* **What the task asks**: Return the data verbatim, without pictures.

(Brief descriptive captions)
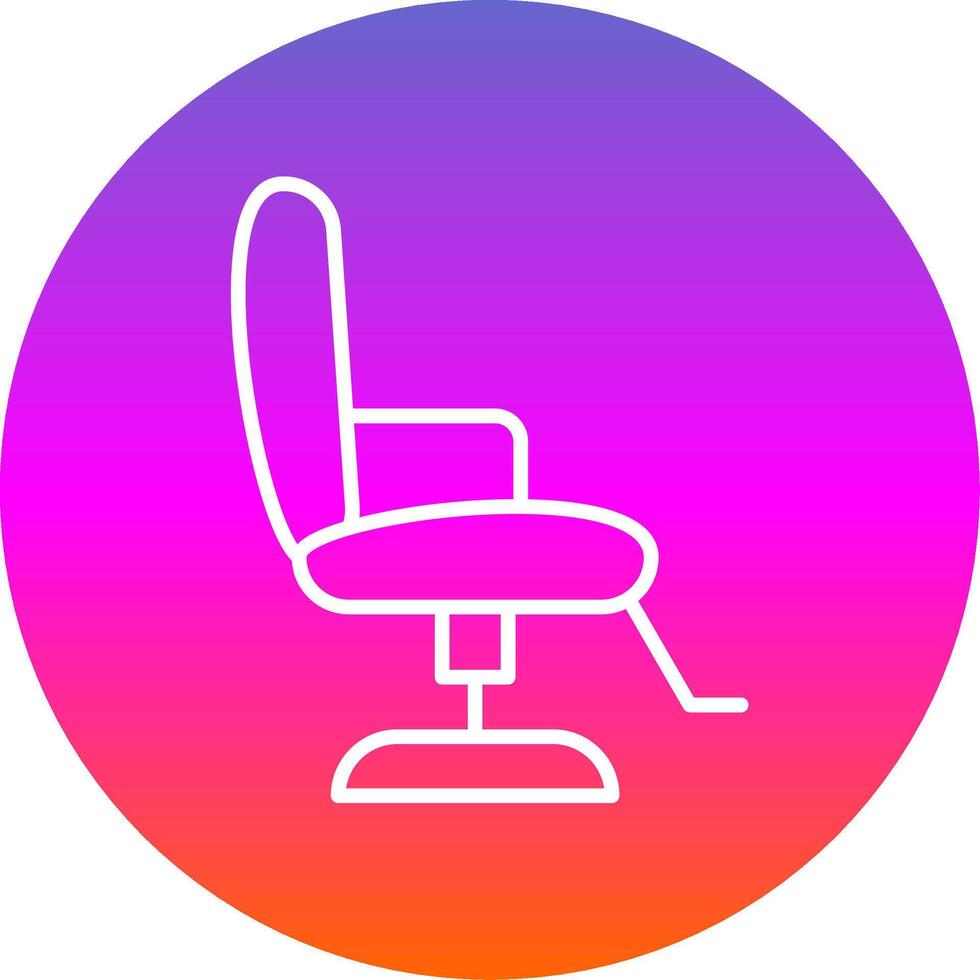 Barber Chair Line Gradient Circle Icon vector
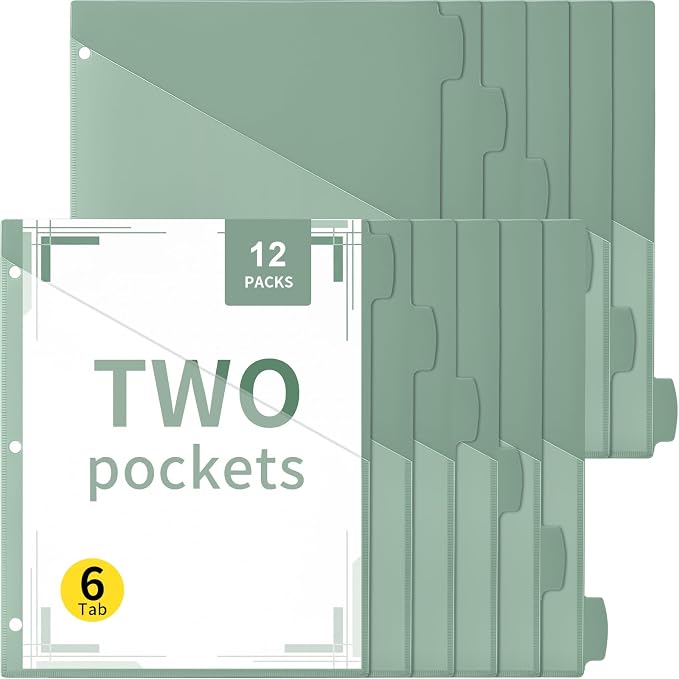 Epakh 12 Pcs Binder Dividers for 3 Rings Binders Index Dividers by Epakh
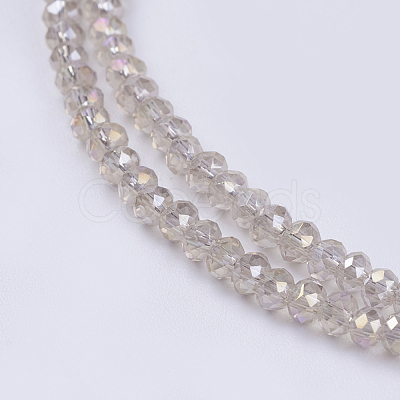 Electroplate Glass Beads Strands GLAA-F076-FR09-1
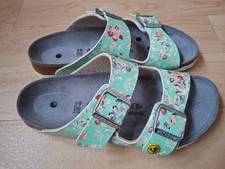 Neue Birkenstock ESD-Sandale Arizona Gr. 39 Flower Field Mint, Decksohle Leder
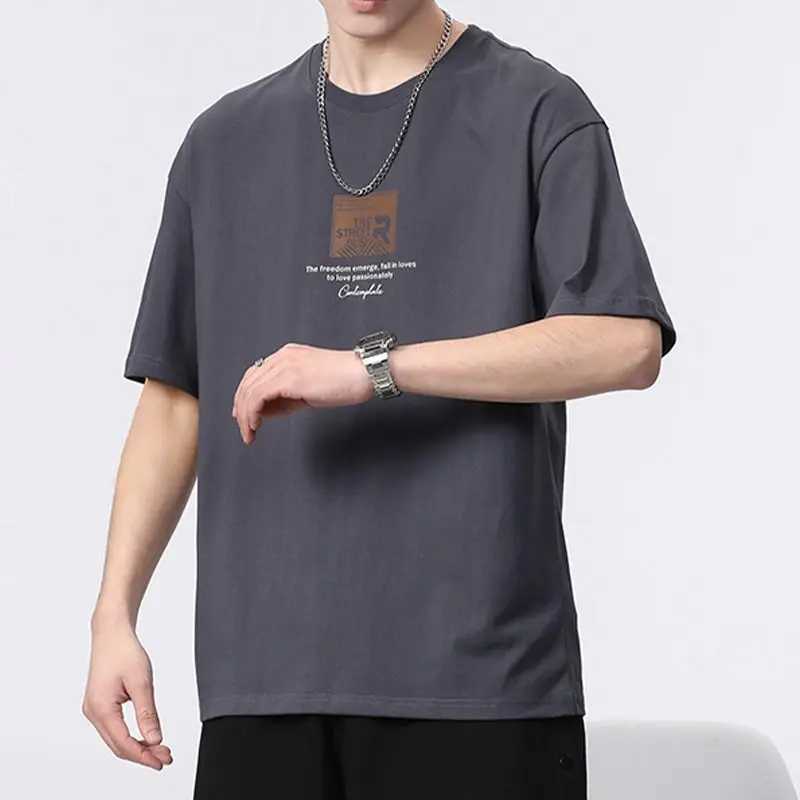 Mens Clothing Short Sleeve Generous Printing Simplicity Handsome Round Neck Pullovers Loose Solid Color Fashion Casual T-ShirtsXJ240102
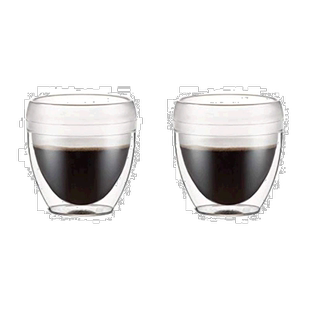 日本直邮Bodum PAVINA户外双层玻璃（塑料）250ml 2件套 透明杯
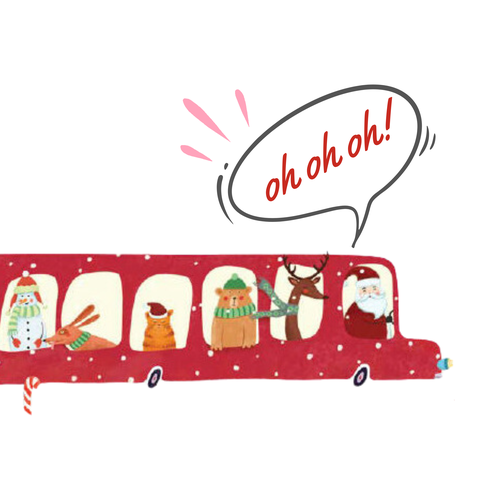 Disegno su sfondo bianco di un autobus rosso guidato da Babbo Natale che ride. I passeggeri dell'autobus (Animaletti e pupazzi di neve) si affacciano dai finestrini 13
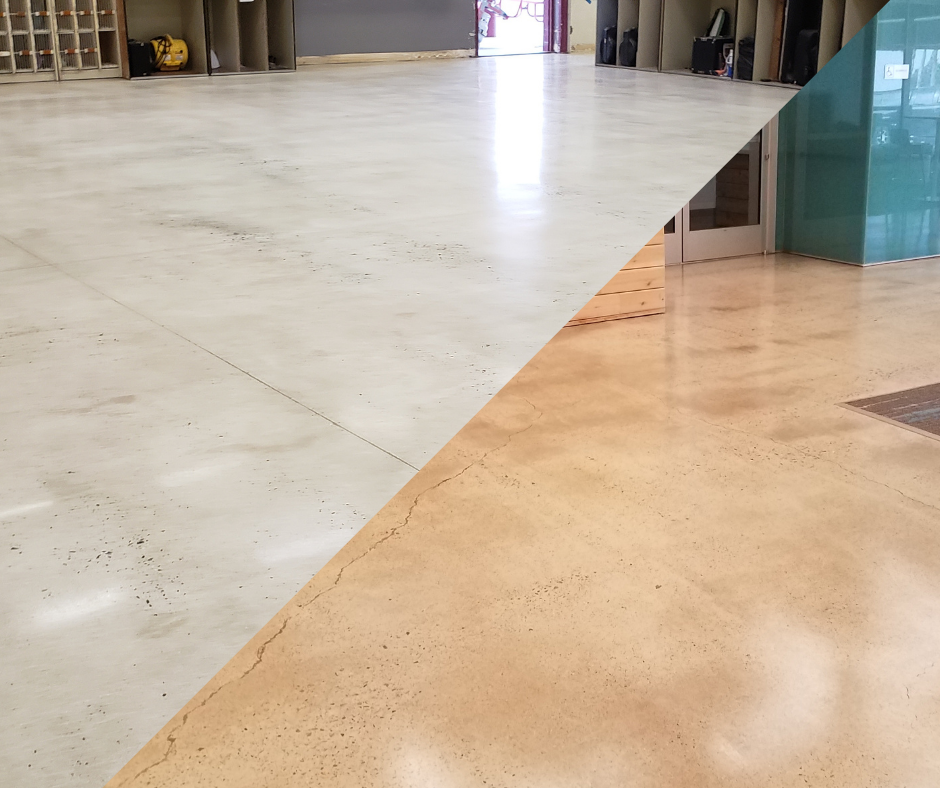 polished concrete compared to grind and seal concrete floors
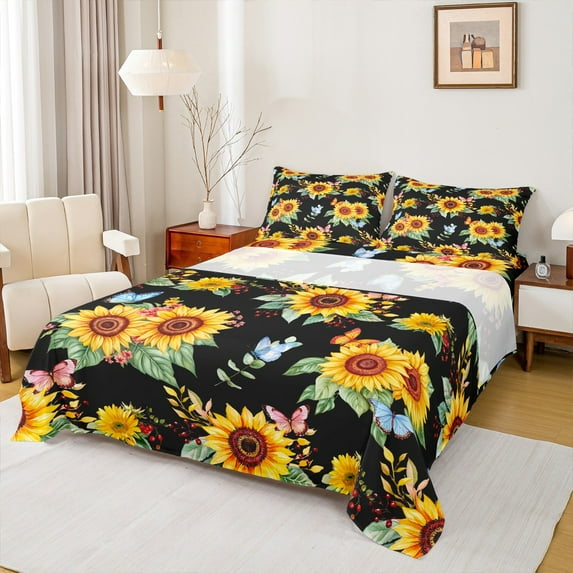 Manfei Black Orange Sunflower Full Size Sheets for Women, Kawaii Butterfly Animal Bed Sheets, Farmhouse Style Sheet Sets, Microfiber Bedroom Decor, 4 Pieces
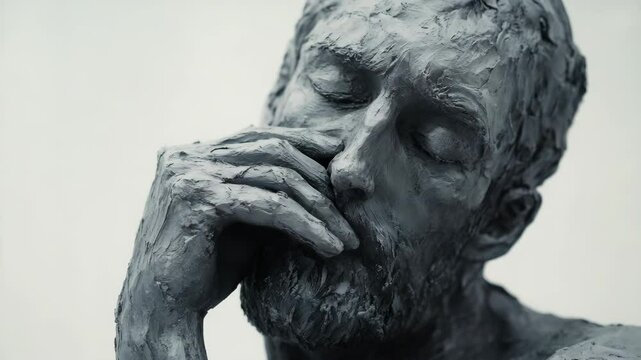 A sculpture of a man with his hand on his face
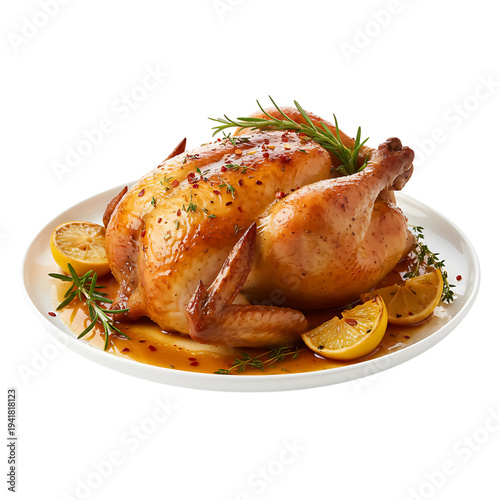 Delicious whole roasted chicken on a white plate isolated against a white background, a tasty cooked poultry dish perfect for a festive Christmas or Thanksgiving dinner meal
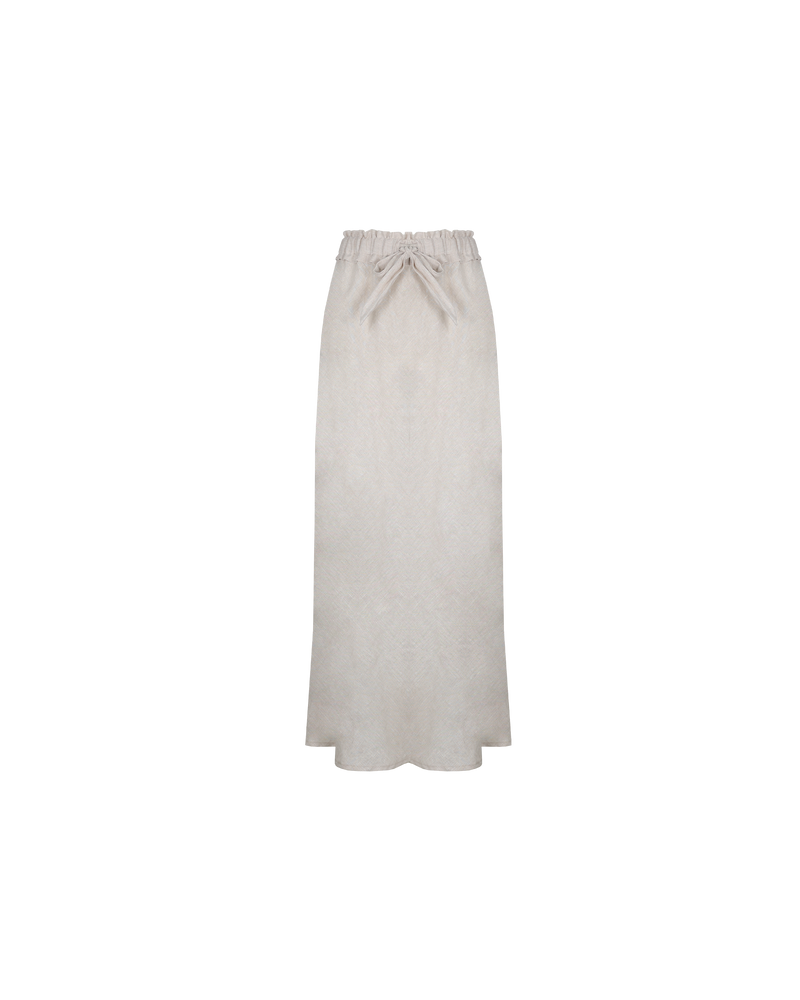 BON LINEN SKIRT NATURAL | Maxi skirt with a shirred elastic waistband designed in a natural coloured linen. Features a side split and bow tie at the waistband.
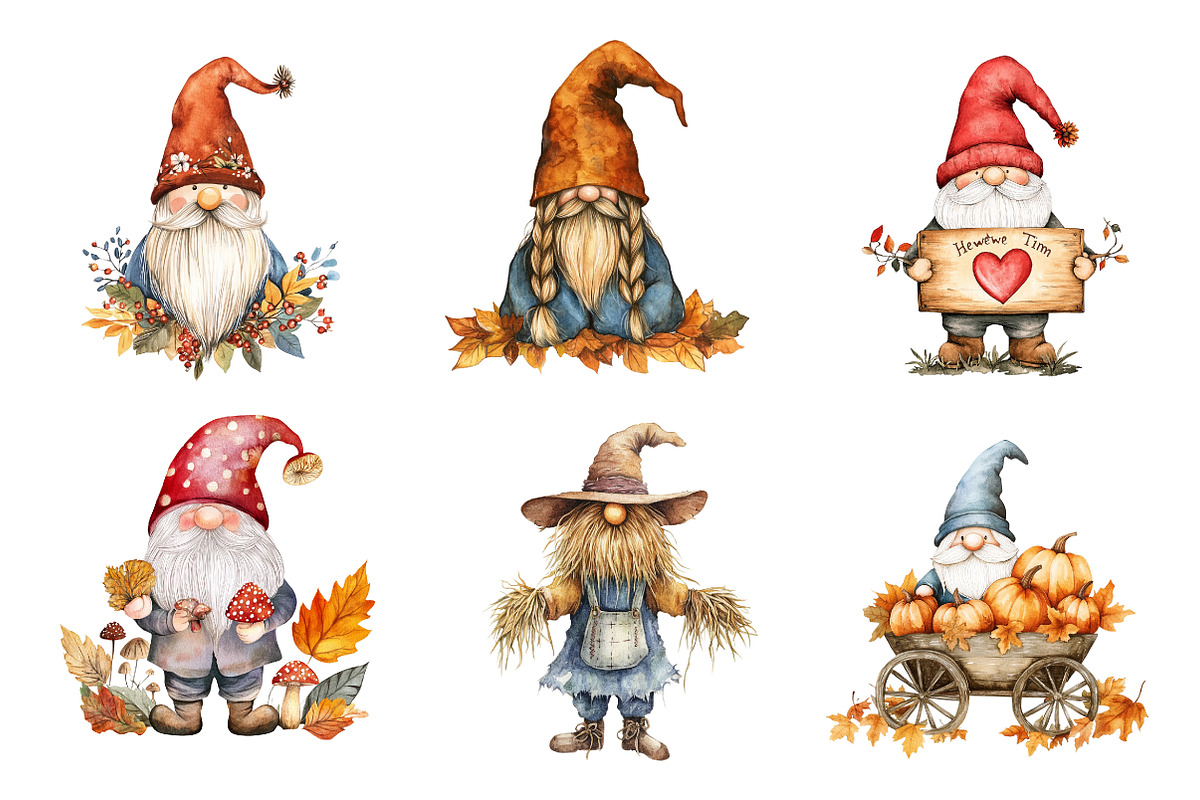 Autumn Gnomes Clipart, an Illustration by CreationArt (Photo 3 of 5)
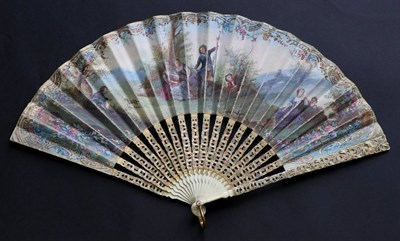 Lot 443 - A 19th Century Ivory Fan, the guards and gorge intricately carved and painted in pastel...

* **Answer to this problem**:
 Barber Chair Line Gradient Circle Icon vector
 Epakh 12 Pcs Binder Dividers for 3 Rings Binders Index Dividers by Epakh
 Electroplate Glass Beads Strands GLAA-F076-FR09-1
 Neue Birkenstock ESD-Sandale Arizona Gr. 39 Flower Field Mint, Decksohle Leder
 Mens Clothing Short Sleeve Generous Printing Simplicity Handsome Round Neck Pullovers Loose Solid Color Fashion Casual T-ShirtsXJ240102
 日本直邮Bodum PAVINA户外双层玻璃（塑料）250ml 2件套 透明杯
 Disegno su sfondo bianco di un autobus rosso guidato da Babbo Natale che ride. I passeggeri dell'autobus (Animaletti e pupazzi di neve) si affacciano dai finestrini 13
 polished concrete compared to grind and seal concrete floors
 Manfei Black Orange Sunflower Full Size Sheets for Women, Kawaii Butterfly Animal Bed Sheets, Farmhouse Style Sheet Sets, Microfiber Bedroom Decor, 4 Pieces
 A sculpture of a man with his hand on his face
 Delicious whole roasted chicken on a white plate isolated against a white background, a tasty cooked poultry dish perfect for a festive Christmas or Thanksgiving dinner meal
 BON LINEN SKIRT NATURAL | Maxi skirt with a shirred elastic waistband designed in a natural coloured linen. Features a side split and bow tie at the waistband.
 Autumn Gnomes Clipart, an Illustration by CreationArt (Photo 3 of 5)
 Lot 443 - A 19th Century Ivory Fan, the guards and gorge intricately carved and painted in pastel...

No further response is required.